Thorne glanced at her, exhaled loudly. "Where do you want to start?"
"How about with Rooker getting himself put away for something he didn't do?"
"I've heard similar stories once or twice," Thorne said. "I suppose if you've got a head case like Billy Ryan on your back."
"Twenty years, though?"
"Yeah, well, he didn't bank on that, did he?" Chamberlain turned her head, stared out across the car park.

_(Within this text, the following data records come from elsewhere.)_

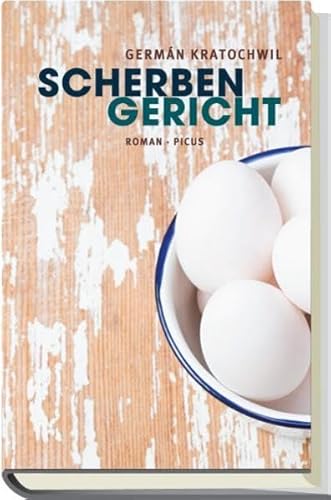Scherbengericht: Roman von Picus Verlag,
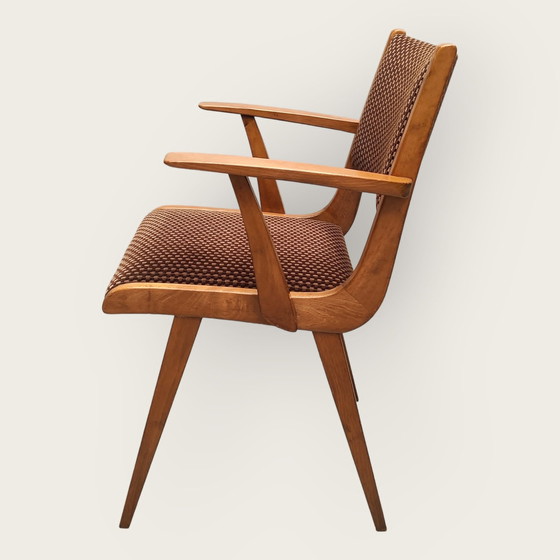 Image 1 of Mid Century fauteuil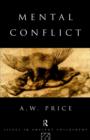 Mental Conflict - Book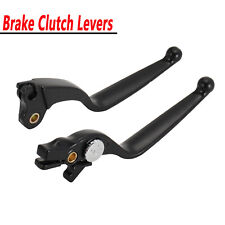 Brake Clutch Levers For Indian CHALLENGER BASE/LIMITED SPRINGFIELD 111 116 Black picture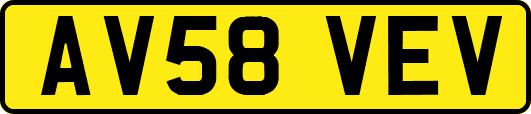 AV58VEV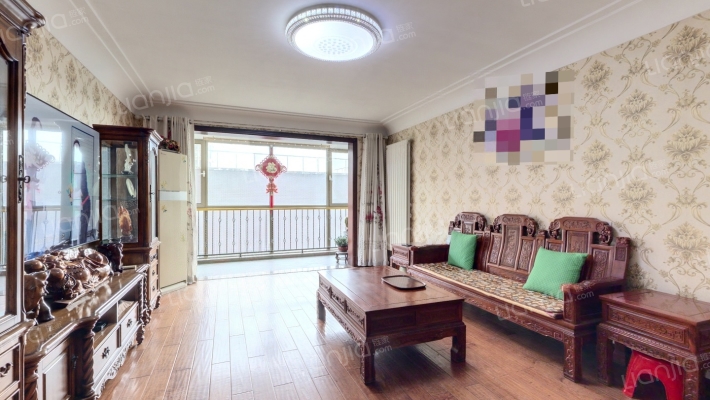 山水名园四期二手房实景图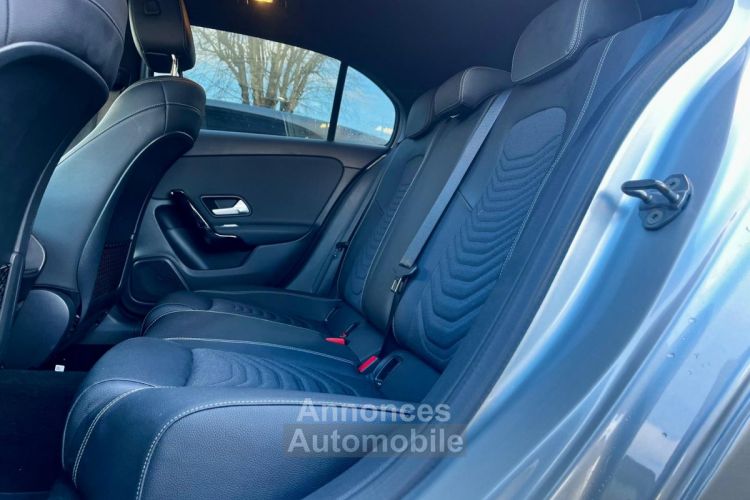 Mercedes Classe A 180 d 7G-DCT Style Line - <small></small> 21.990 € <small>TTC</small> - #16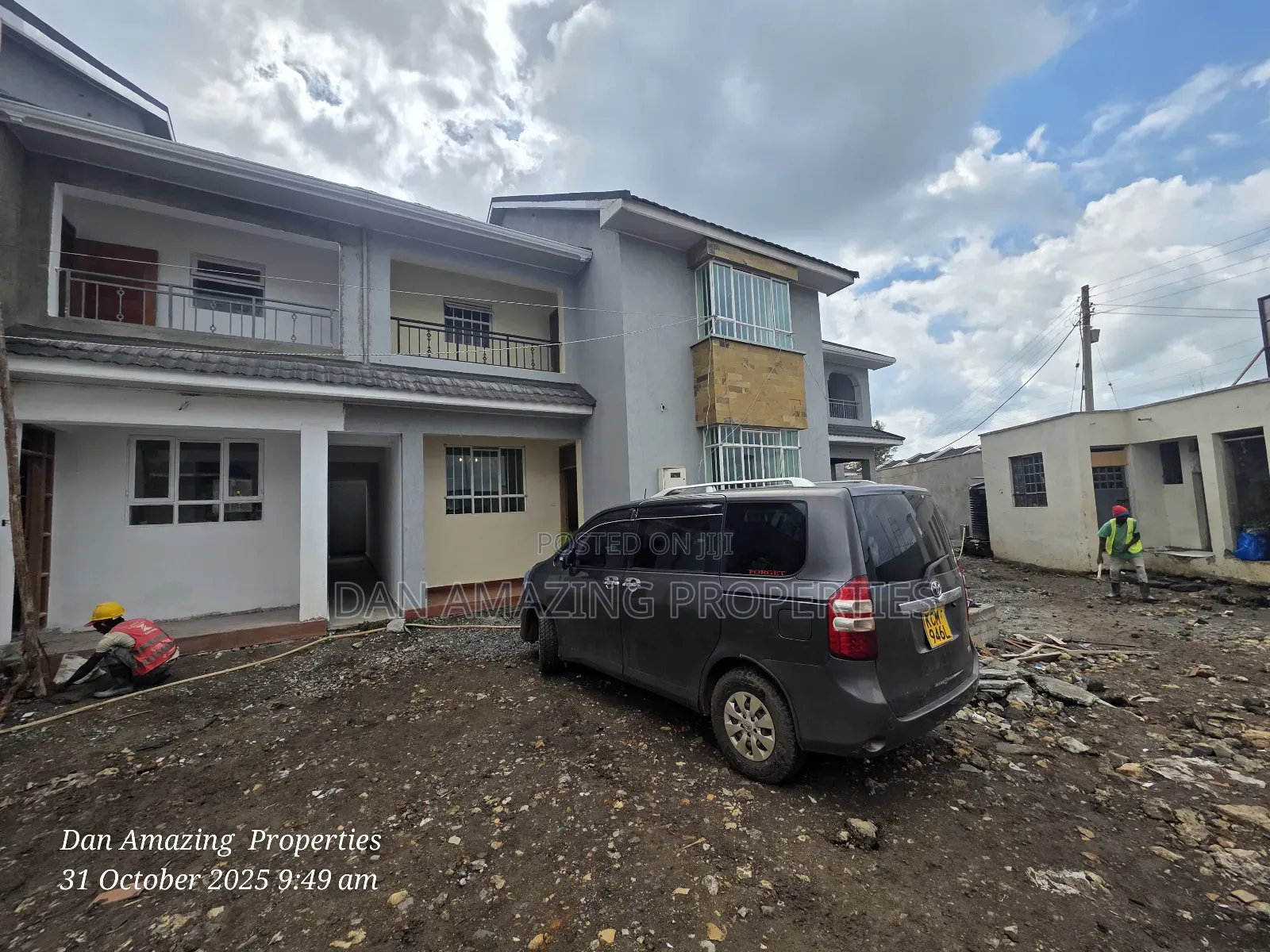 4bdrm Townhouse/Terrace in South C Plus Dsq for sale in South C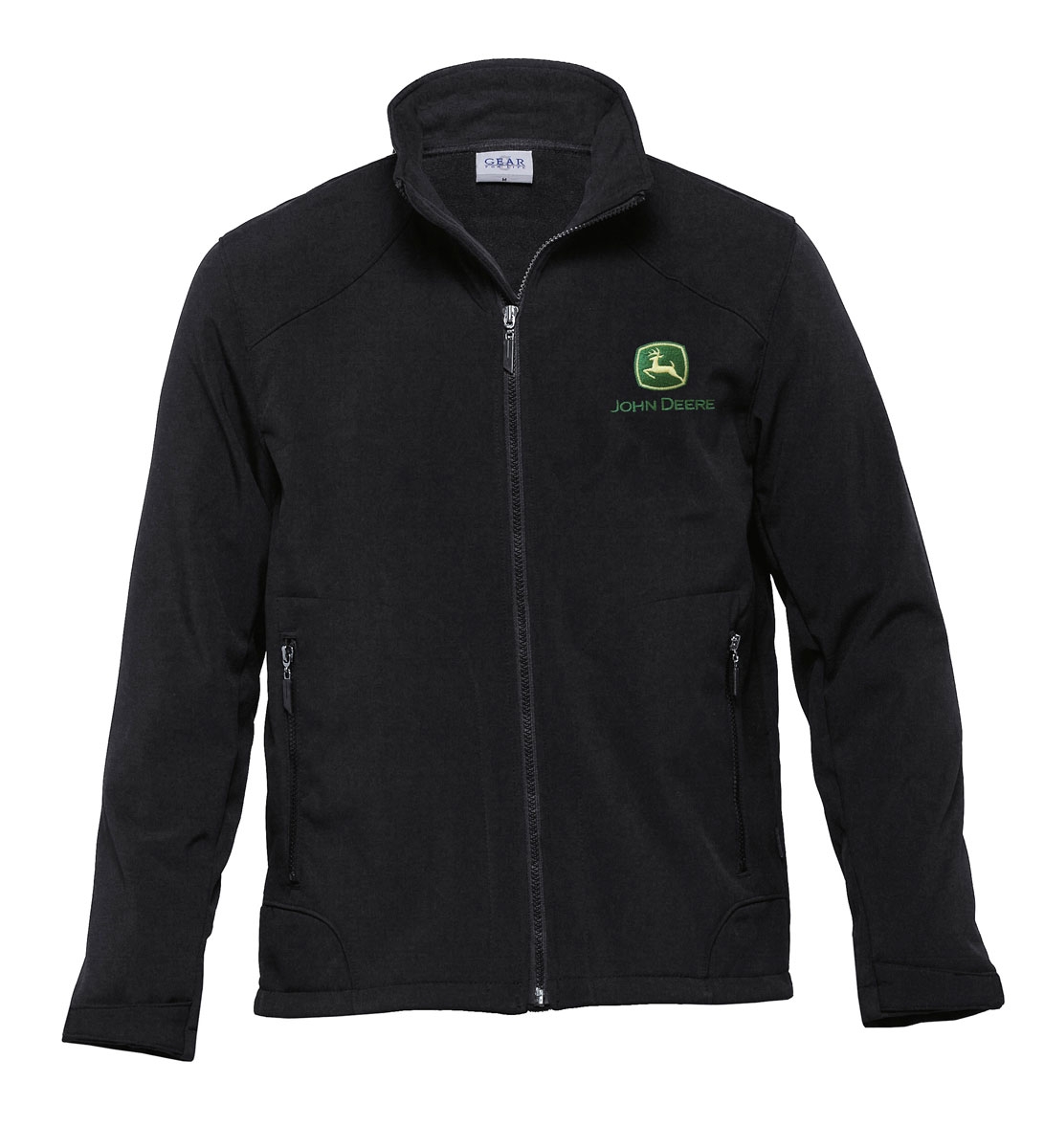 Picture of John Deere softshell jacket with fleece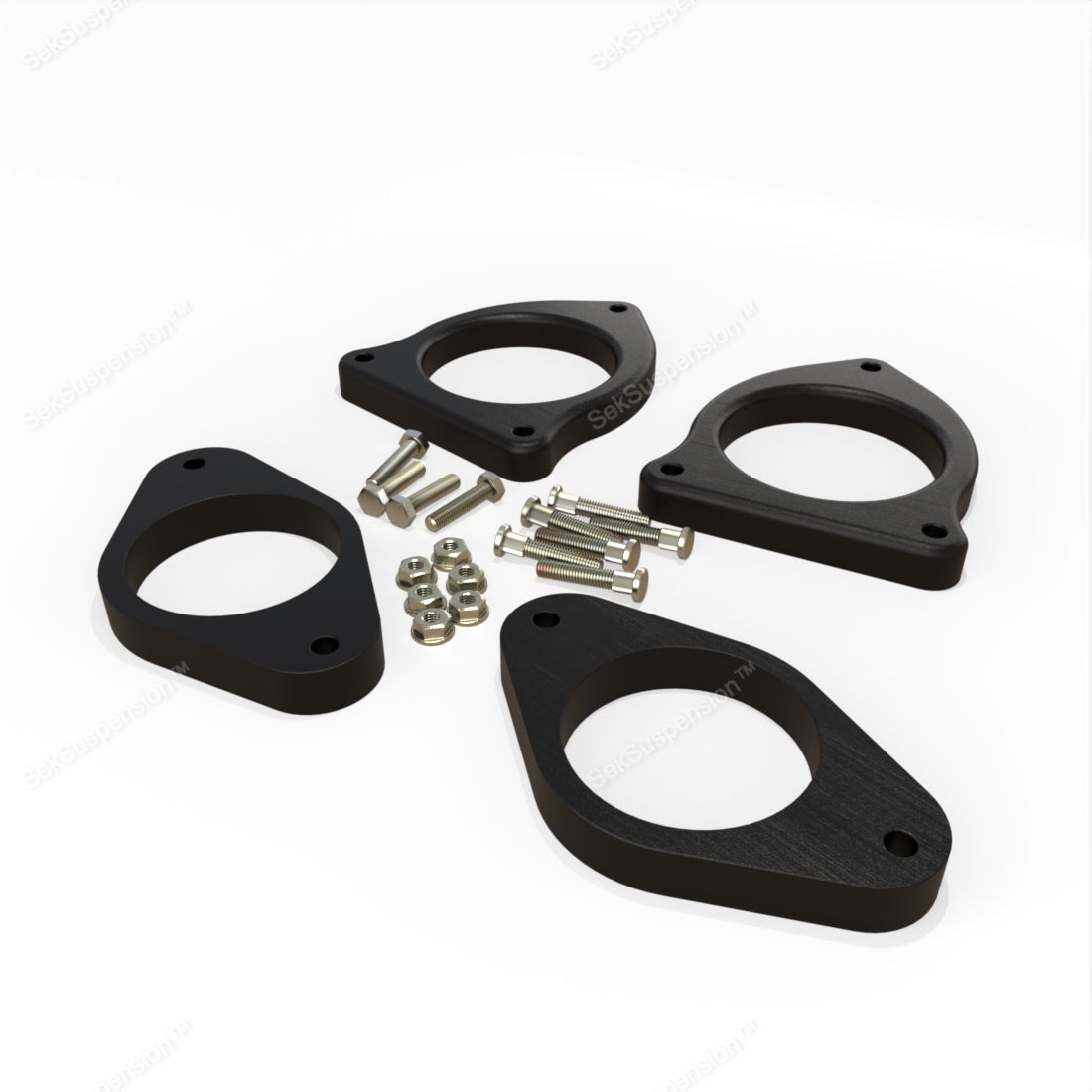 Mini Cooper Hatchback Suspension Lift Kit (R50 R53)

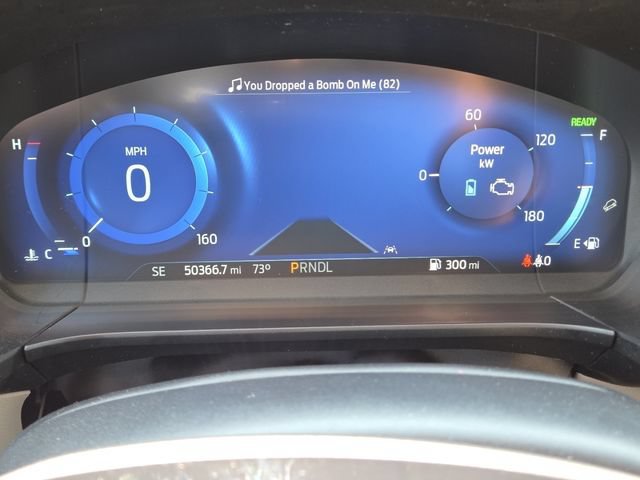Used 2021 Ford Escape SEL w/ Technology Package AWD/4WD image 29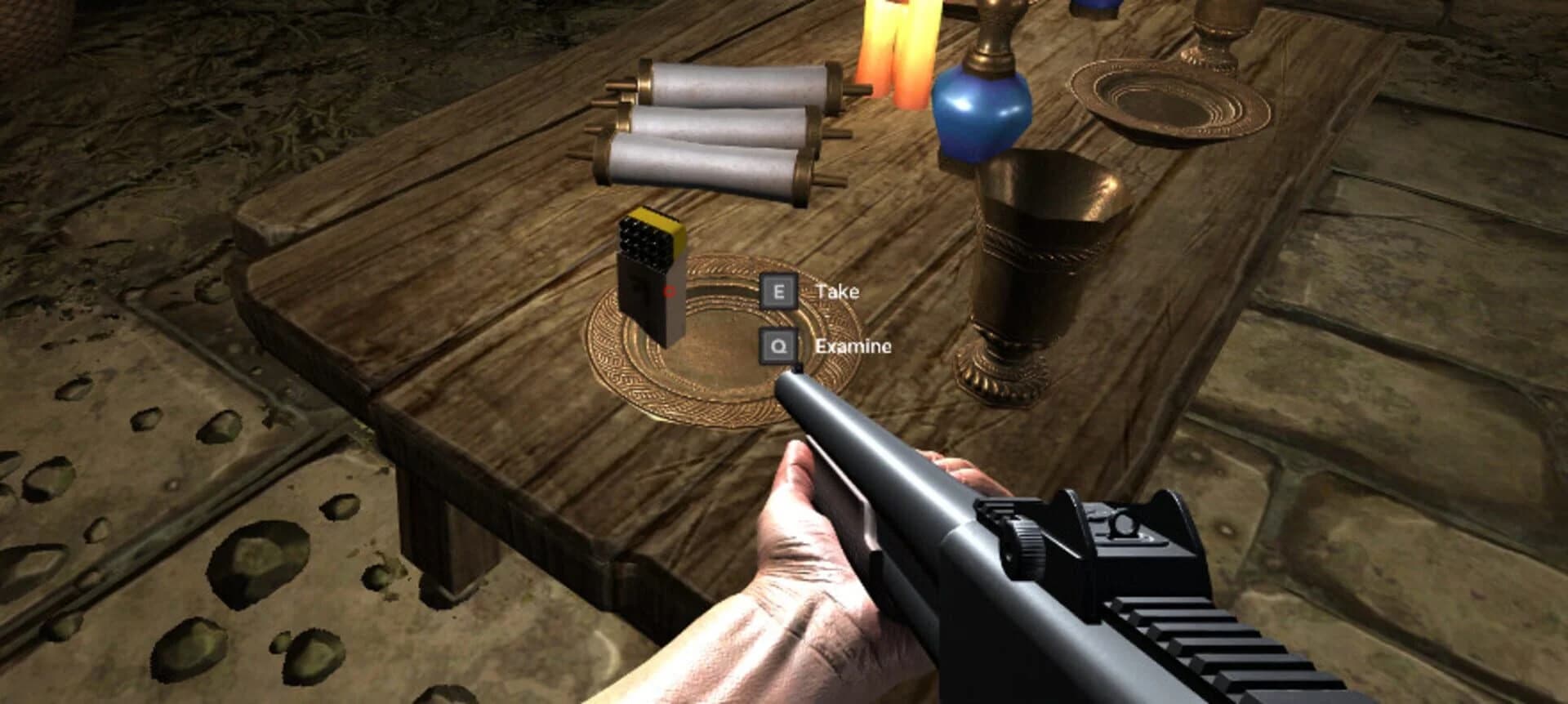 Zombie Invasion screenshot 2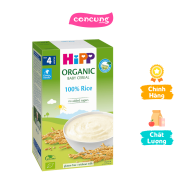 Bột DD HiPP Organic - Bột gạo nhũ nhi 200g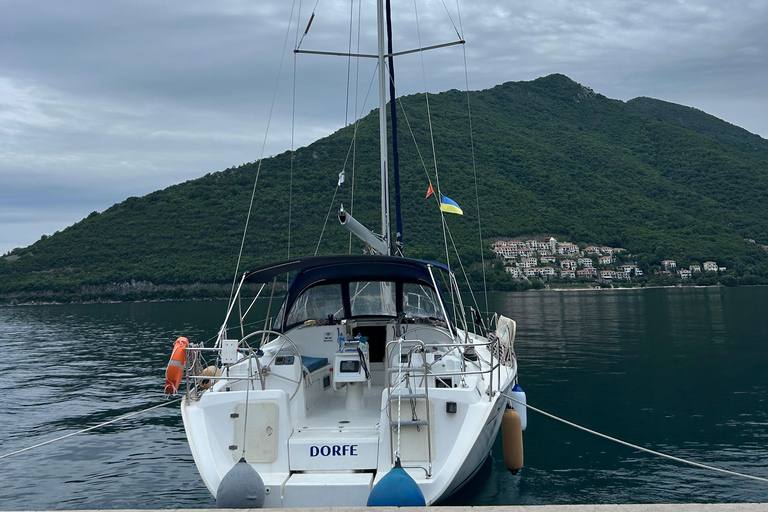 Wind Sailing Experience in the Adriatic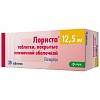 Купить Лориста 12,5 мг 30 шт таблетки покрытые пленочной оболочкой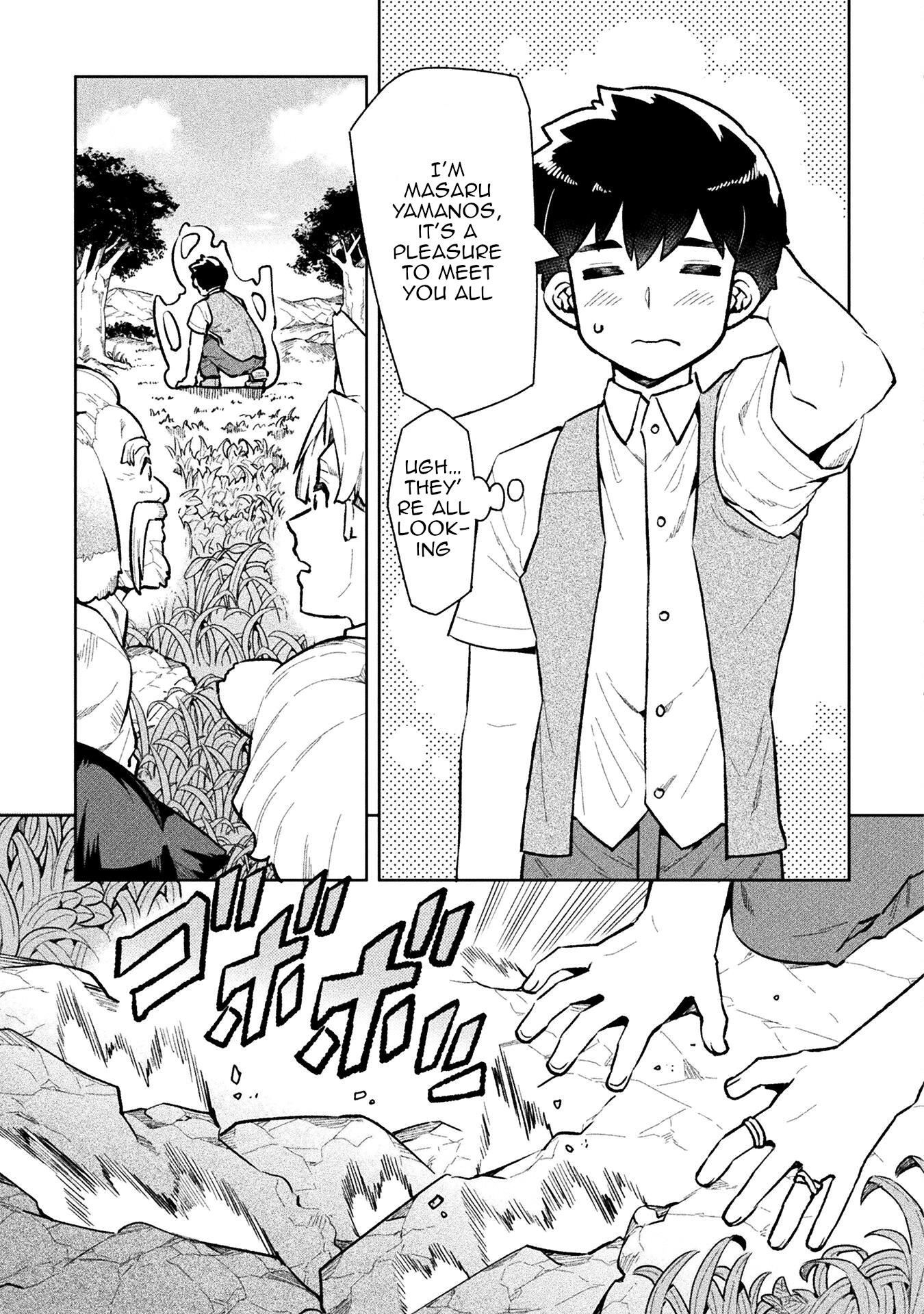 Neet Dakedo Hello Work Ni Ittara Isekai Ni Tsuretekareta Chapter 59 - Page 11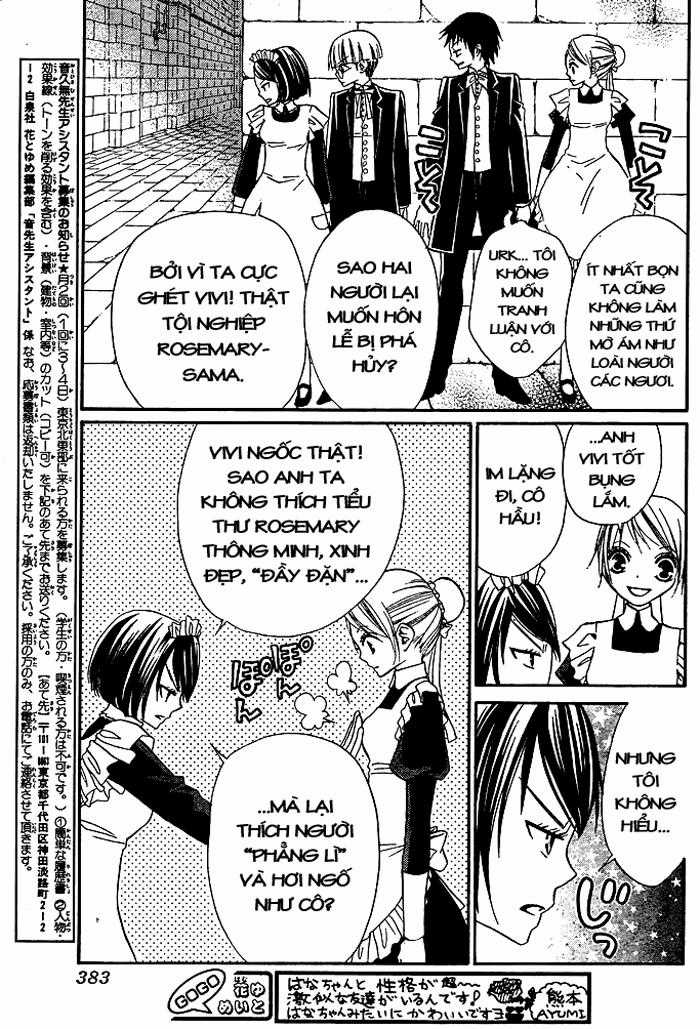 Hoa Và Ác Ma Chapter 45 trang 6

"You not convinced?" Thorne asked.
She spoke quietly, without looking at him. "I haven't got the foggiest bloody idea. I'm not far away from a free bus pass, and, to be honest, I'm no better at working out what goes on in the heads of people like Gordon Rooker than I was when I first pulled on a uniform." Thorne started the car. As he pulled out of the car park his mind drifted back to how their interview with Rooker had ended. Thorne had almost gasped when he'd suddenly remembered something else from Chamberlain's history lesson. "Hang on, didn't Ryan marry Alison Kelly a few years after all this happened?" Chamberlain had nodded. "He tries to kill her, pays someone to set fire to her, maybe even does it himself. and then marches her down the aisle as soon as she's old enough?"